Der Hafen von Santos in Brasilien / Copyright: Creative Commons, C. Bunks

Der Hafen von Santos in Brasilien / Copyright: Wikipedia, Creative Commons, C. Bunks

Im Jahr 2011 hat Brasilien mit einem Volumen von 1,6 Prozent aller gehandelten Waren seinen Anteil am weltweiten Handel weiter ausgebaut. Es ist dies der höchste Anteil seit dem Jahr 1950 und Brasilien liegt damit auf dem 20.-22. Platz der Weltrangliste. Dass sich daran aller Anstrengungen zum Trotz so schnell nichts ändern wird, ist das Ergebnis einer Studie der Vereinigung der brasilianischen Exporteure (Associação de Comércio Exterior do Brasil, kurz: AEB).
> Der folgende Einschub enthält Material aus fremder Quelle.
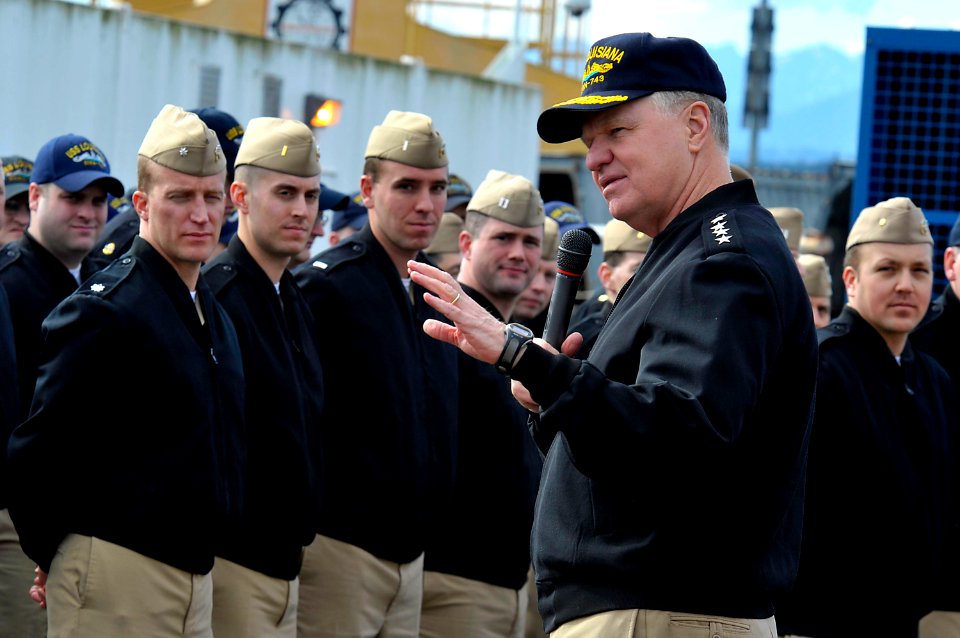 US Navy 090217-N-8273J-214 Chief of Naval Operations (CNO) Adm. Gary Roughead speaks with the blue and gold crewmembers of the ballistic-missile submarine USS Louisiana (SSBN 743)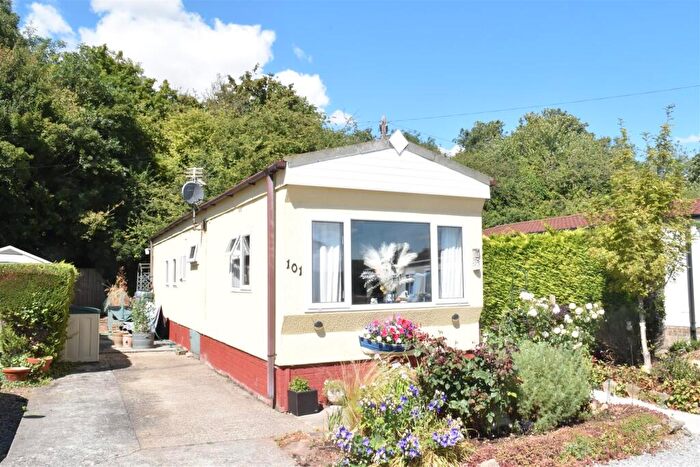 2 Bedroom Park Home For Sale In Harrogate Road, Ripon, HG4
Diese Studie hatte zum Ziel, die Struktur der Exporte und Zusammenhänge in der Exportwirtschaft Brasiliens zu untersuchen.
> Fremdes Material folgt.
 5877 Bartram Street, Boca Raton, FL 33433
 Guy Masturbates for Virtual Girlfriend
Brasilien ist mit einem Mengenanteil von 80 Prozent noch immer hauptsächlich Exporteur von Primärgütern. Als Primärgüter versteht man Waren wie Erze, Kohle, Holz, Baumwolle, Getreiden und andere Produkte, die hauptsächlich als Rohstoffe für die Produktion anderer Güter benötigt werden. Da diese Güter keinem eigentlichen technisch-industriellen Veredelungsprozess unterliegen, haben diese auch nur in sehr geringer Maß eine Wertschöpfung innerhalb der brasilianischen Wirtschaft. Preislich gesehen machen die Primärgüter damit auch nur 70 Prozent der Exporte aus, was zu einem Teil bereits das Problem an der Struktur der exportierten Waren verdeutlicht. In Zahlen bedeutet dies, dass in 2011 von 544 Millionen Tonnen an exportierten Waren rund 447 Millionen Tonnen Primärgüter waren.
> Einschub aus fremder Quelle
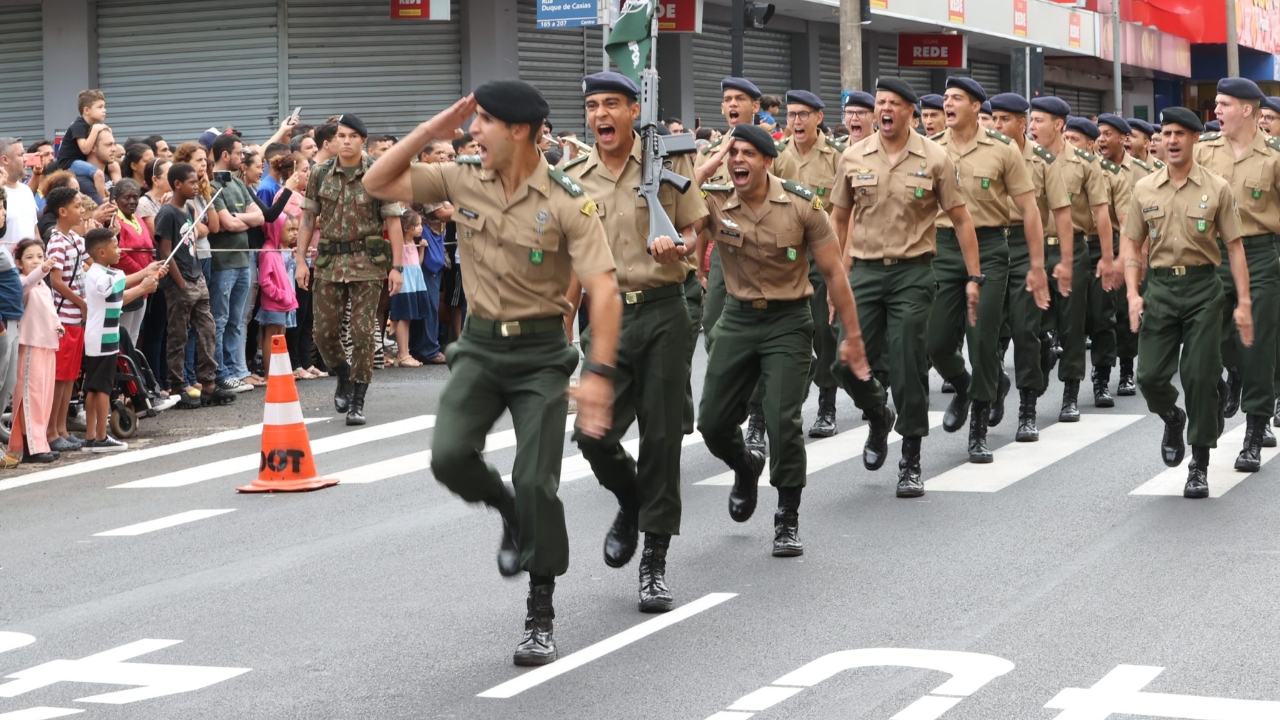 Ruas interditadas em Uberlândia alteram o trânsito na região central durante o Desfile de 7 de Setembro Ruas interditadas em Uberlândia alteram o trânsito na região central durante o Desfile de 7 de Setembro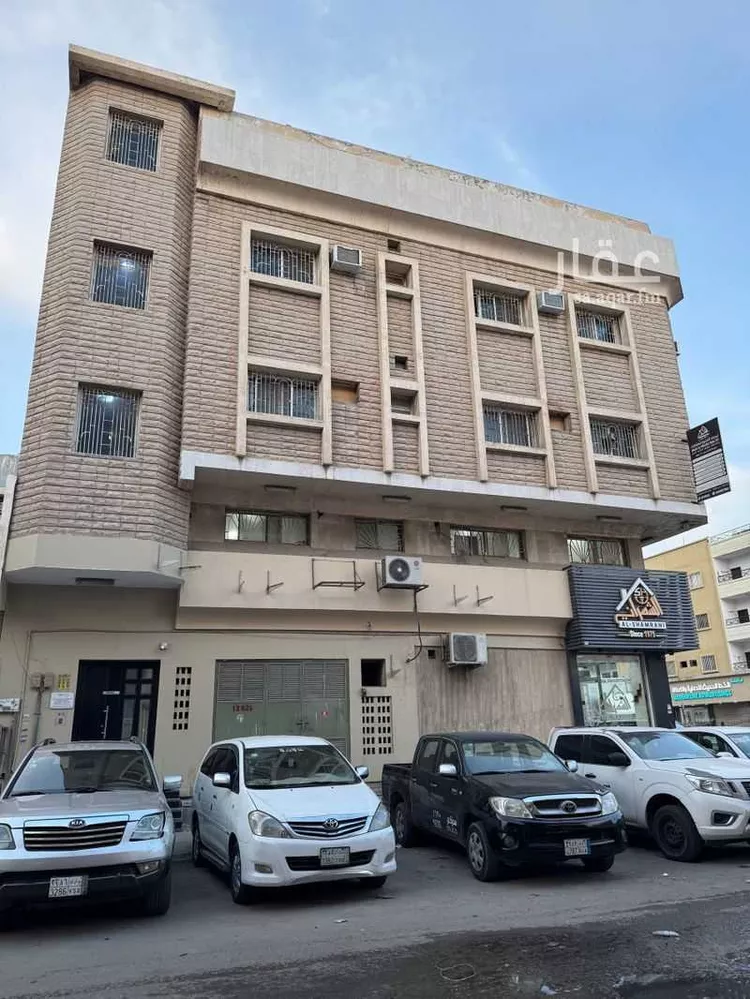 Building for Sale in Dammam Al Qazaz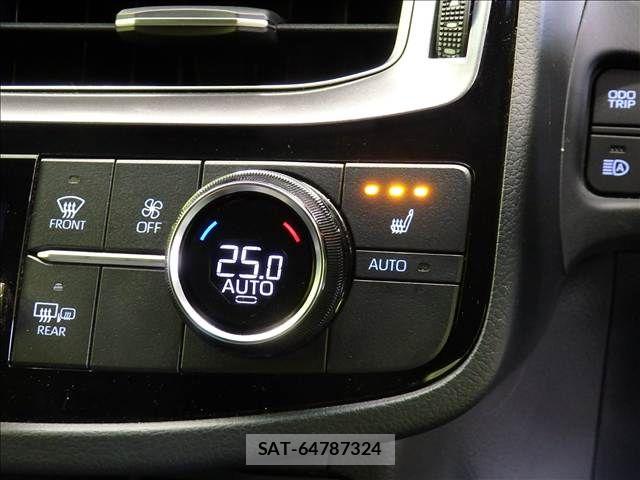Toyota CROWN SEDAN 2021-03 8779860-11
Die Struktur der brasilianischen Exportwirtschaft basiert damit zu einem großen Teil auf sehr einfacher industrieller Produktion und hängt sehr stark von Preisentwicklungen am Weltmarkt ab. Die Steigerungen der Exporte wie sie für das Jahr 2011 gemeldet werden konnten, sind damit keine tatsächlichen Mengenänderungen, sondern der Veränderung der Preise geschuldet. Die Studie der AEB kommt damit auch zu der Schlussfolgerung, dass wenn Brasilien seinen Platz innerhalb der weltweiten Rangliste verbessern möchte, dann muss der Anteil der Industrieprodukte an den Exporten deutlich steigen.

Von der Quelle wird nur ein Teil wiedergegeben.